Apply the conditioner, as usual, making sure to cover all hair strands. Preferably, finger detangle your hair or use a wide tooth comb. Once you are finished, rinse your hair but leave half of the conditioner on. Squeeze the excess product with your hand in an upward movement, this will help activate the curls. You can also do this with a microfiber towel, a t-shirt or a paper towel.
This is when you will set your curls with a leave-in, moisturiser and/or a generous amount of gel and scrunch it in, in an upwards movement to not disturb the curls. If you feel you hair is too weigh down by its weight you can place a few duck clips on the roots to lift the hair. Let it dry almost entirely, scrunch out the crunch and fluff from underneath.

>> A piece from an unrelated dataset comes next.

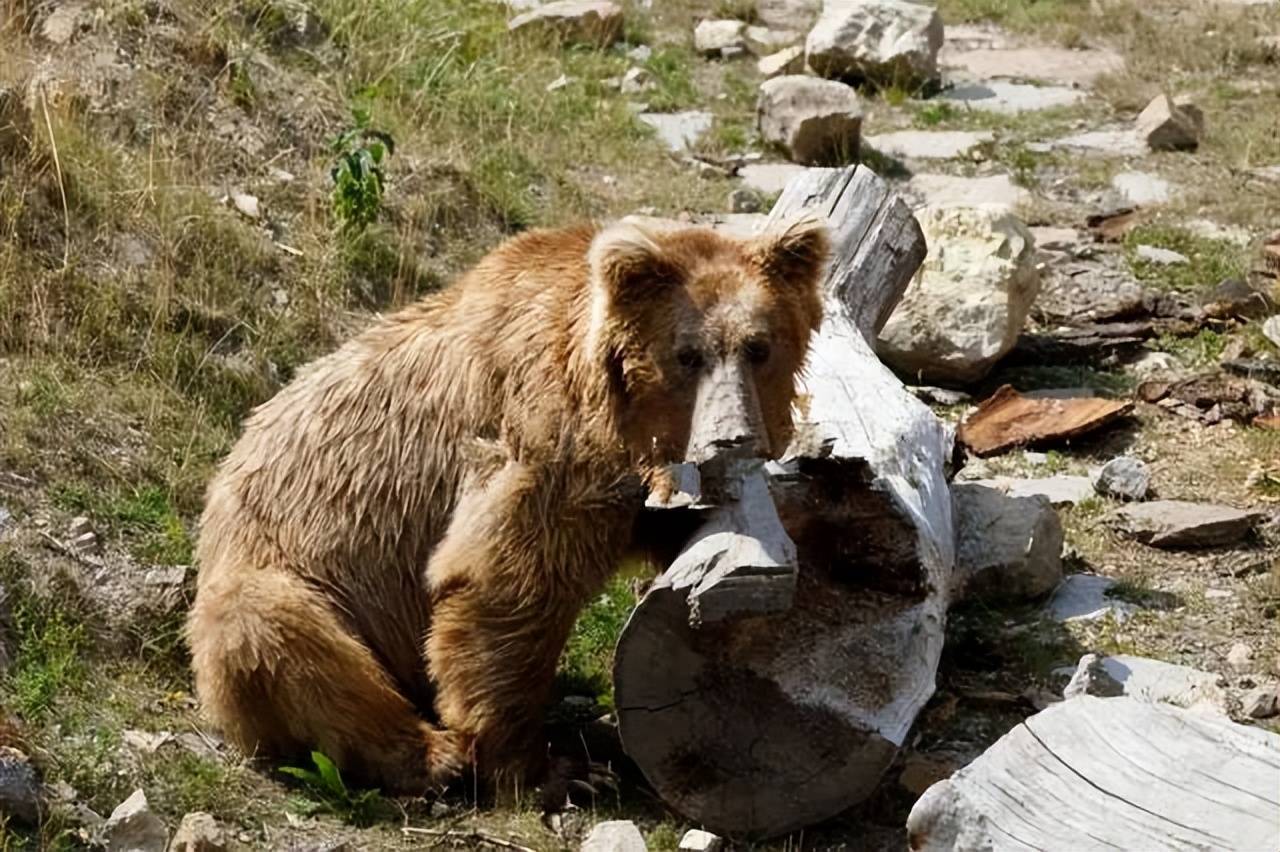 原创活活被石头砸死喜马拉雅棕熊奋力想攀上岩壁村民向它掷石头熊最后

Products – Angell Lightweight Curl Defining Gel, Arc Angell Firm Hold Defining Gel, Set It Free Moisturising Spray, Mist-er Right Curl Revitalizer, Set Me Up! Versatile Moisturising Styler and B’Leave-in Curl Booster & Volumiser.
At the surface, the Curly Girl Method might seem simple, but in reality, it can be overwhelming. Knowing the names of all the sulphates and silicones, not to mention drying alcohols, can be quite daunting. However, I believe that with time you can get familiar with most of them. Start by identifying the ingredients to avoid in your products, replace them if needed and go from there. Make yourself a cheat sheet and carry it with you when you go shopping for hair products.
My current regimen is a mixture of the Curly Girl and the LOC method. I don’t have all the names in my mind but I do have a cheat list, and that makes it simpler. Of course, this is not everybody’s cup of tea yet, if you are willing to try you should clarify your hair first to remove all product build up and trim your hair to start with a clean sheet. Weekly deep conditioning is advised along with regular dry hair trimming.
In this article, I named just a few ingredients to help you get started. If you want more in-depth information about ingredients seek naturallycurly.com and do a term search or visit the Environmental Working Group. Remember that science and this industry are growing and evolving and new ingredients are always coming up but don’t feel defeated, once you find your staple products the rest will be easier.
Have you considered the Curly Girl Method? Do you follow it? What do you like about it?